Doug Stokes BDS Hons
Things that were important to Doug: Personal respect and dignity for self and others. His appearance, personal care, independence, maintaining his self esteem and confidence. Contact with his family, long standing friends and colleagues over his rich lifetime.
Doug was a dentist for many decades in his home town. He and his wife, Connie were involved in many clubs and projects that were dear to their hearts. Together and singularly they were dynamic in their approach to life! Doug spoke fondly of his memories of his wife and childhood of his two sons, clearly having enjoyed his role in the family with great love and admiration.
To support Doug in maintaining his significant character it was important to draw on his life experiences. Doug was a very well respected professional long standing figure in the community. Through his life he has seen generations grow up and return to his dentist chair with their own children. Whenever Doug was out and about, he was met with affection and respect.
We accompanied Doug on regular visits to his now son’s Dental Practice, finding it amusing that he had taught him everything he knows!
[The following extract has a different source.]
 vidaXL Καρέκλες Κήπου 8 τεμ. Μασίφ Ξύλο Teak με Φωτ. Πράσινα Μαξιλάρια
Doug enjoyed a joke about the witty side of dentistry as shared with an exchange of topical birthday cards from his practising son’s.
The staff after decades of service still referred to him as “Mr Stokes” and made a real fuss of him on attending. It was lovely to see Doug respond to this warmth and certain satisfaction of past years with his loyal staff.
Another clearly meaningful aspect of Doug was his long term friendship with his fellow University pals, who still after all these years got together regularly for lunch, sometimes at the home or on trips out. On other occasions they would spend time in Doug’s room.
Doug was always smartly dressed and was said to have had more clothes than his wife! He loved to go to a local outfitter’s and buy clothes, again he was greeted with great warmth and the staff knew his taste and style in clothing. Having spent some money, Doug always liked to replenish his cash flow so a trip to the bank to top up would follow. It wasn’t enough to know his son’s would take care of this, Doug was used to being his own man and needed to continue being in charge of his own affairs.
This was demonstrated by a need for Doug to send and receive Christmas cards to family and friends. He would have a steady stream of post and always wanted to respond, as he had done for years before however, this was becoming more difficult for Doug with poor sight and advancing dementia. We enabled Doug to fulfil this task by working with his family to achieve a positive and dignified solution.
Not long before Doug’s condition deteriorated he came along to the local Hydro Pool. Doug was nervous about how he might cope but it was clear he was driven to achieve this, so measures were set in place to enable Doug to return to the water. Doug had loved watersports and often spoke of his enjoyment of this over the years. As Doug progressed in his sessions his confidence returned and he clearly enjoyed the experience of being in the water again. His face was a picture to see as Doug recalled his swimming days! All became clear when his son revealed “ oh yes, didn’t Dad tell you he was a very active member of the local life saving and swimming club for years!” All became clear – that’s what Doug was expressing to us with a charming knowing smile!